Mic Plans To Slay With Content Channels Catering To Audience Passions

Scale gets digital publishers noticed by advertisers, but audiences increasingly want content addressing niche interests, not broad ones.

Some digital pubs, like Vox Media, build out a portfolio of completely separate brands, while others develop sub-brands, like BuzzFeed’s food-focused Tasty.

Mic, which raised $21 million in Series C funding in April to fuel expansion, launched nine new publishing channels at the end of March focusing on feminism, style, food and travel, President Trump, personal finance, pop culture, gaming, tech and social justice.

Mic looked to social media to come up with some of the publishing channels.

Slay and Strut developed after Mic observed its social media audiences engaging around the topics of feminism, style and body positivity. It spotted an opportunity to provide those audiences with content they cared about.

“We saw that if we targeted our journalism toward those audiences, they would engage pretty deeply,” said Mic publisher Cory Haik, who first served as chief strategy officer when she joined more than a year ago. “There are audiences that will come to Slay, our feminism channel, that may never interact with our coverage of gaming, tech or arts and culture.”

Haik wants these channels to stand on their own, but still have strong Mic branding. Slay, for instance, goes by “Slay by Mic” on Instagram and Facebook.

“We’d like the other channels to stand on their own, but be endorsed by the network,” Haik said.

For these social-focused channels, Mic switched up the way it’s communicating with readers.

“We are doing very specific types of visual storytelling and packaging that was born organically out of the fact that there were impassioned audiences out there,” Haik said. For instance, there’s lots of captioned video, which works better on social media.

Many of Mic’s new channels span platforms, including written content, video newsletters, podcasts and social content.
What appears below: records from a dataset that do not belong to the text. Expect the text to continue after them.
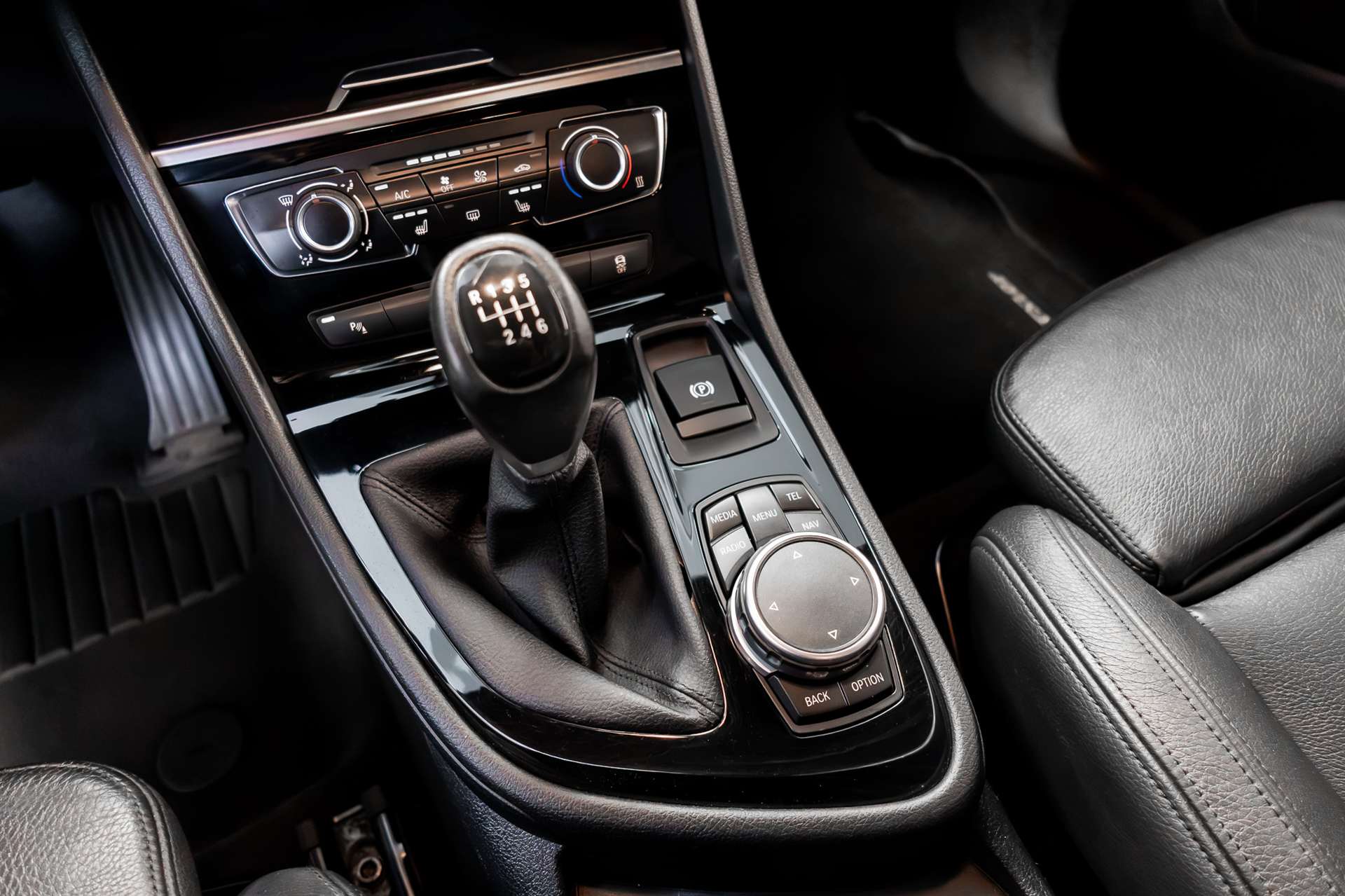 BMW 218d Active Tourer-image-17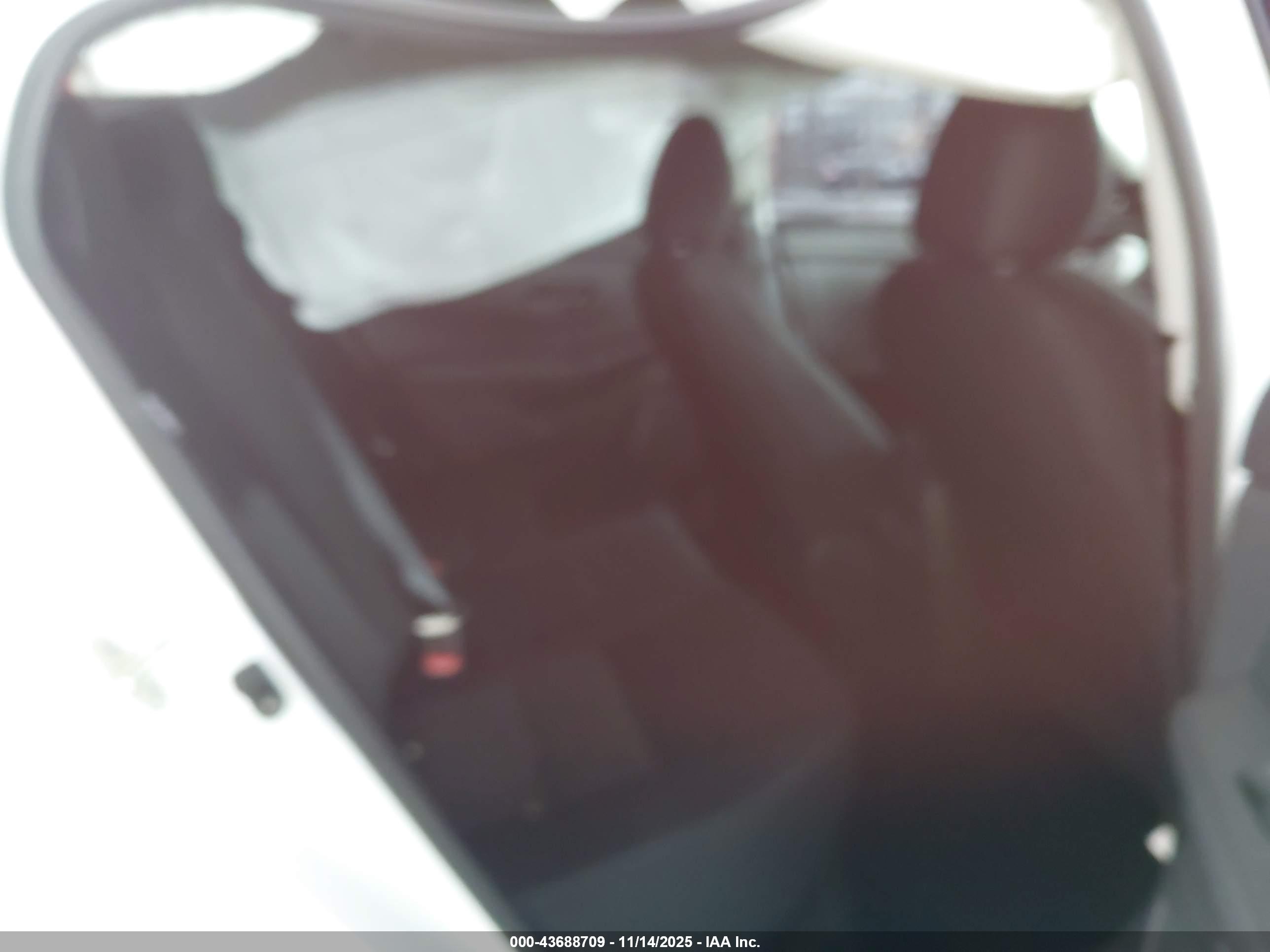 NISSAN SENTRA image 8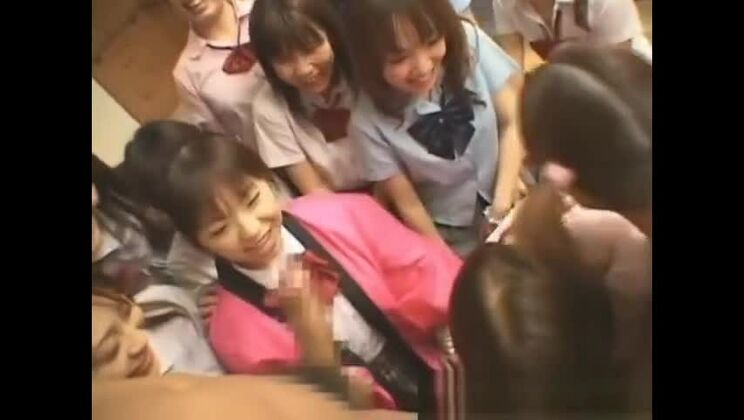 Невероятный японский хардкор в настоящем хардкорном выступлении.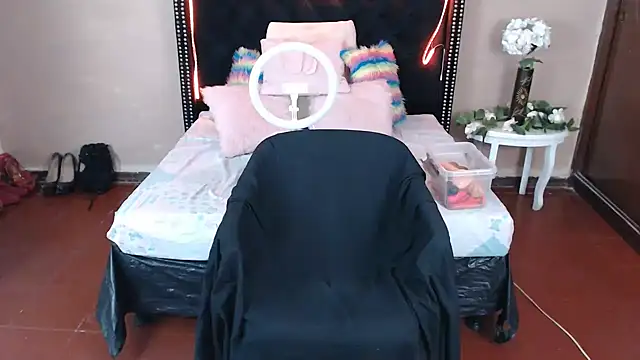 Snapshot of VioletaaaSlave chatting on October 2025 11:35:01 AM VioletaaaSlave online show from October 2025 11:35:01 AM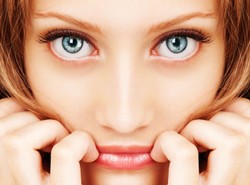 Wytrzeszcz oczu – problemy z tarczycą, a zbyt cienkie brwi...?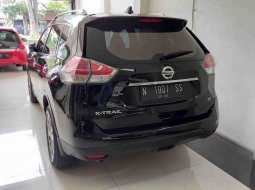 Nissan X-Trail 2.5 CVT A/T 2015 5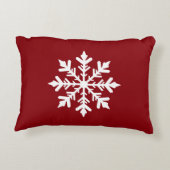 White Snowflake Silhouette On Red Christmas アクセントクッション (裏面)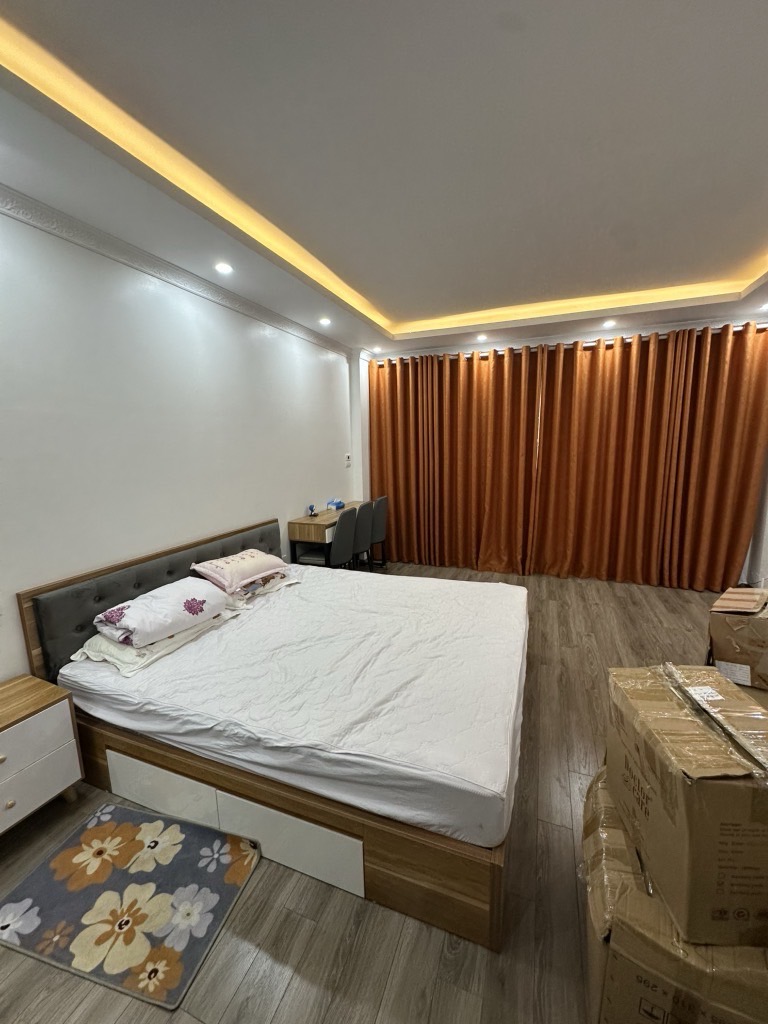 Bán nhà Bằng Liệt - diện tích 40.3m2 5 tầng - ô tô tránh - giá 11,2 tỷ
And with more funding, Mic will expand further into video content for streaming platforms and over-the-top.

The politics channel, “Navigating Trump’s America,” includes a newsletter with rapidly growing subscribers. Personal finance-focused “Payoff” has dominated on Apple News, Haik said.

As Mic adds niche verticals to its portfolio, it’s balancing scale with depth. Digital publishers addressing audience subsets sometimes find themselves hitting a wall on unique user growth, while still being considered small by advertisers used to Facebook’s ubiquity.

Mic, which aims to reach the 80 million US millennials, hasn’t yet cracked comScore’s top 50 like BuzzFeed, Vice and Vox.

But Haik sees room for Mic to gain additional scale with its channel strategy, especially as it moves to build audiences on different platforms, including over-the-top and streaming video, Apple News and, of course, Facebook.

“Scale is great. In the words of journalism, it equals impact,” Haik said. “There is still a lot of ground to gain in terms of platform growth specifically to the channels. But we are not just after scale. It’s important for us to no dilute our vision or our voice, but to make it stronger and clearer within each of those channels.”